Apart from the pictures, every entry below should be repeated exactly.

*** Input material Section Begins ***

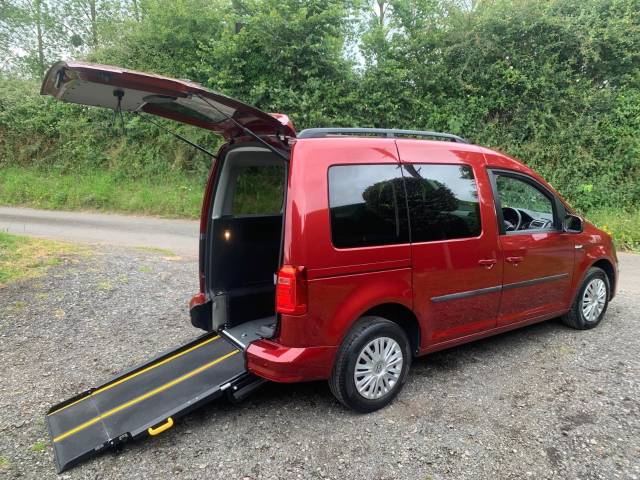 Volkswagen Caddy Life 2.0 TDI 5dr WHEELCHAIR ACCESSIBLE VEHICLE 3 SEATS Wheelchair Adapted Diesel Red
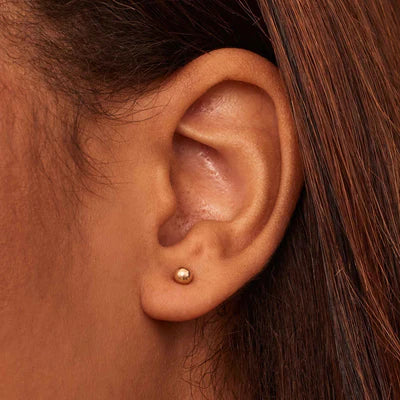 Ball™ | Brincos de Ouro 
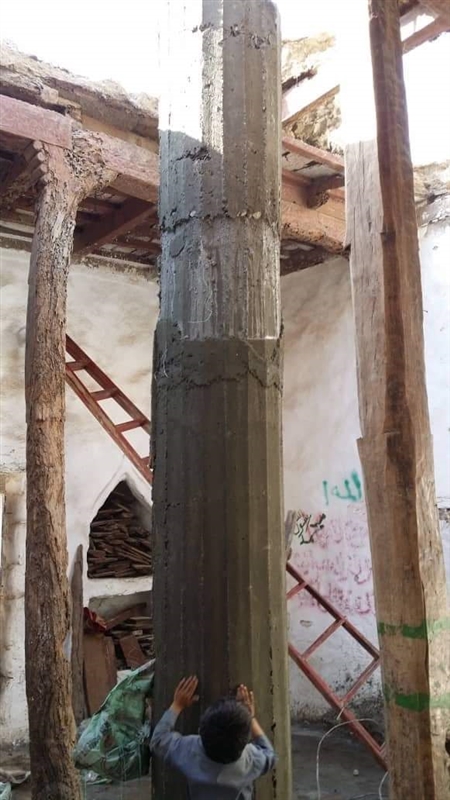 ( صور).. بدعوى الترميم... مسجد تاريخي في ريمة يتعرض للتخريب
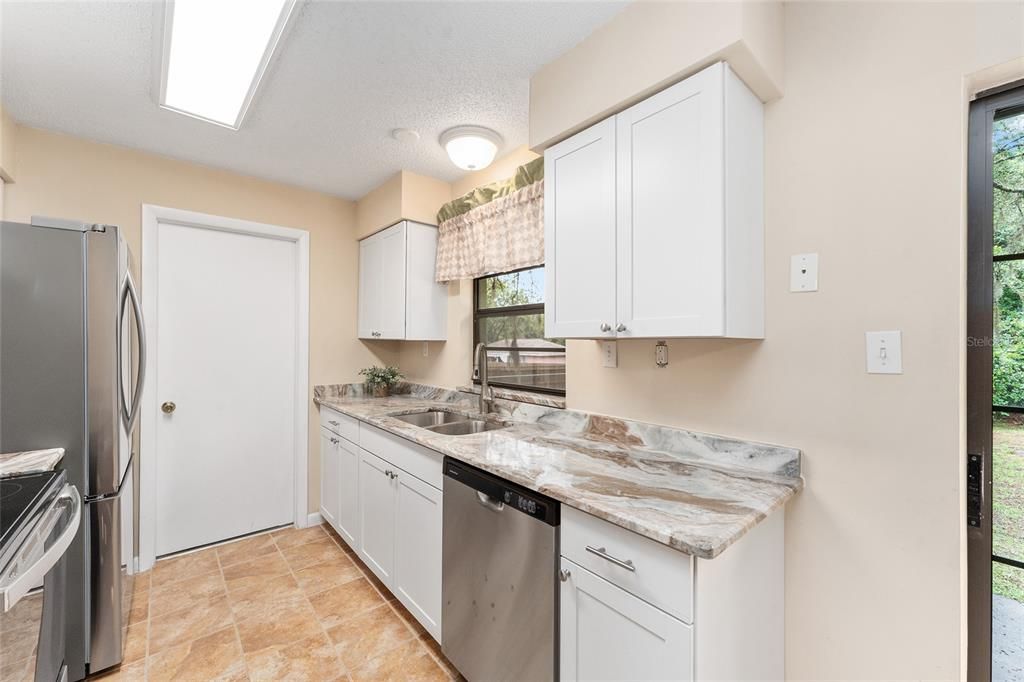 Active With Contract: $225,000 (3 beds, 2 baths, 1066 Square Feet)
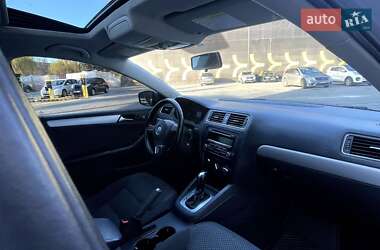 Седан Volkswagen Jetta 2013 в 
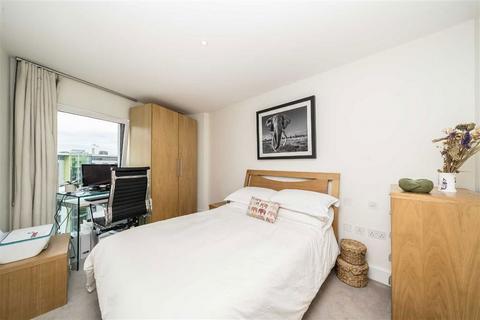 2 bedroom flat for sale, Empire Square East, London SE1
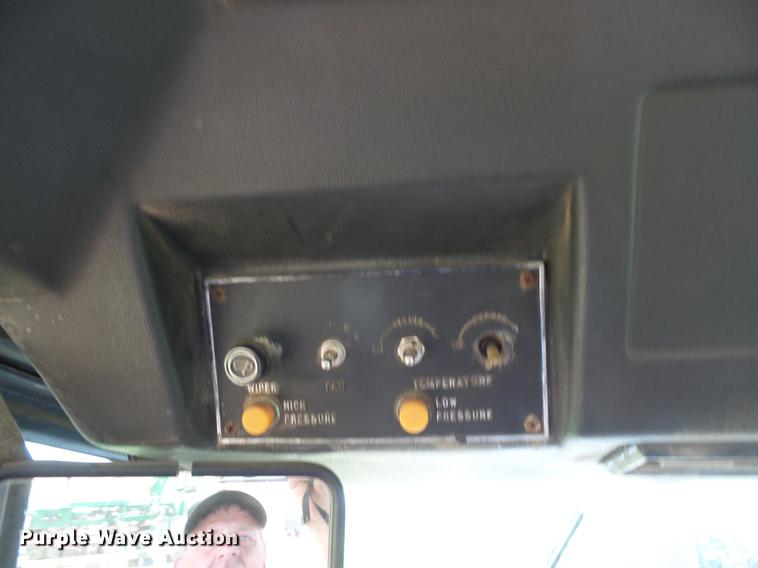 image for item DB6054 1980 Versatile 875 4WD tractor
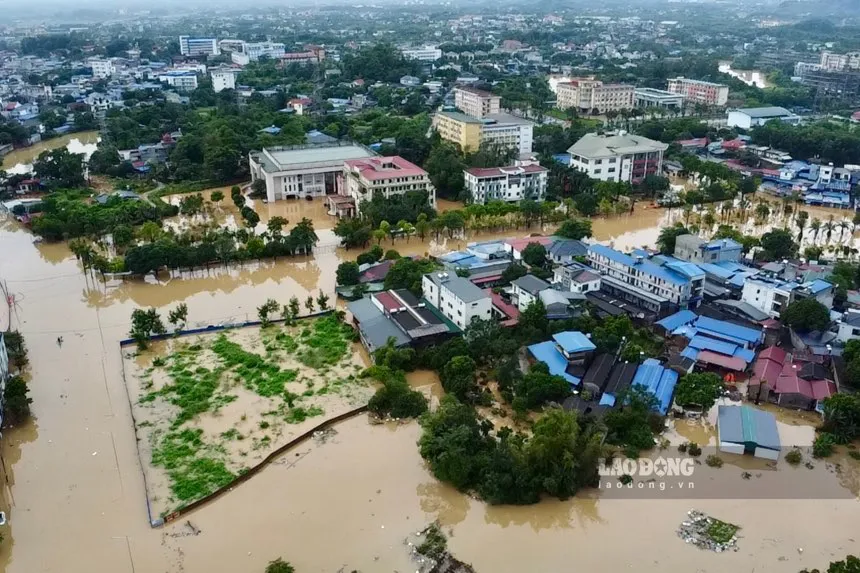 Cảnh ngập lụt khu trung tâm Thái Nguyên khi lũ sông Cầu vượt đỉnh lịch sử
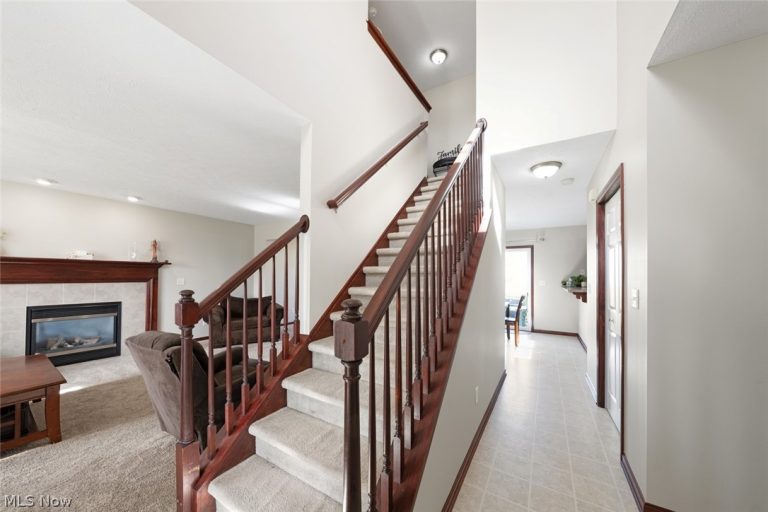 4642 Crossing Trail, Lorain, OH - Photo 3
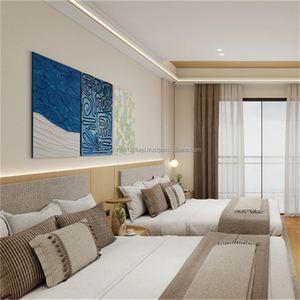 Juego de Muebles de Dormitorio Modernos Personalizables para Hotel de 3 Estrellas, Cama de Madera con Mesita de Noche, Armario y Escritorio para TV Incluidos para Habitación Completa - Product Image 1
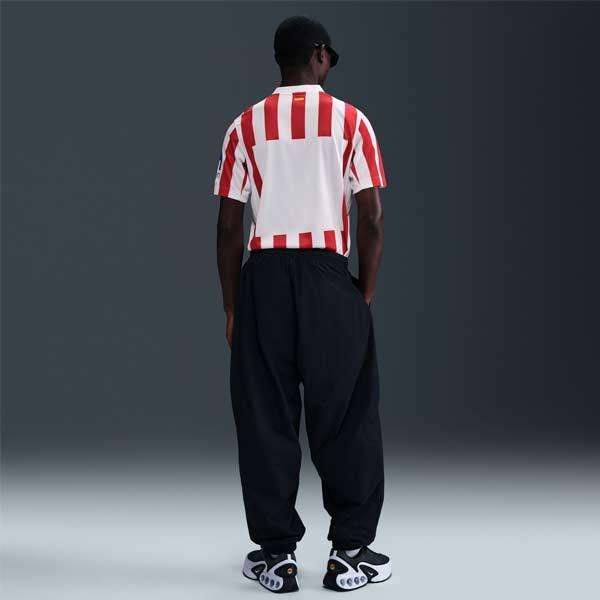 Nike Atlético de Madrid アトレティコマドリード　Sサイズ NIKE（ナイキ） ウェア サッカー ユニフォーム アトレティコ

*** Input material Section Ends ***

▶ _Expected answer_
 Volkswagen Caddy Life 2.0 TDI 5dr WHEELCHAIR ACCESSIBLE VEHICLE 3 SEATS Wheelchair Adapted Diesel Red
 Ball™ | Brincos de Ouro 
 ( صور).. بدعوى الترميم... مسجد تاريخي في ريمة يتعرض للتخريب
 Active With Contract: $225,000 (3 beds, 2 baths, 1066 Square Feet)
 Седан Volkswagen Jetta 2013 в 
 2 bedroom flat for sale, Empire Square East, London SE1
 image for item DB6054 1980 Versatile 875 4WD tractor
 Cảnh ngập lụt khu trung tâm Thái Nguyên khi lũ sông Cầu vượt đỉnh lịch sử
 4642 Crossing Trail, Lorain, OH - Photo 3
 Juego de Muebles de Dormitorio Modernos Personalizables para Hotel de 3 Estrellas, Cama de Madera con Mesita de Noche, Armario y Escritorio para TV Incluidos para Habitación Completa - Product Image 1
 Nike Atlético de Madrid アトレティコマドリード　Sサイズ NIKE（ナイキ） ウェア サッカー ユニフォーム アトレティコ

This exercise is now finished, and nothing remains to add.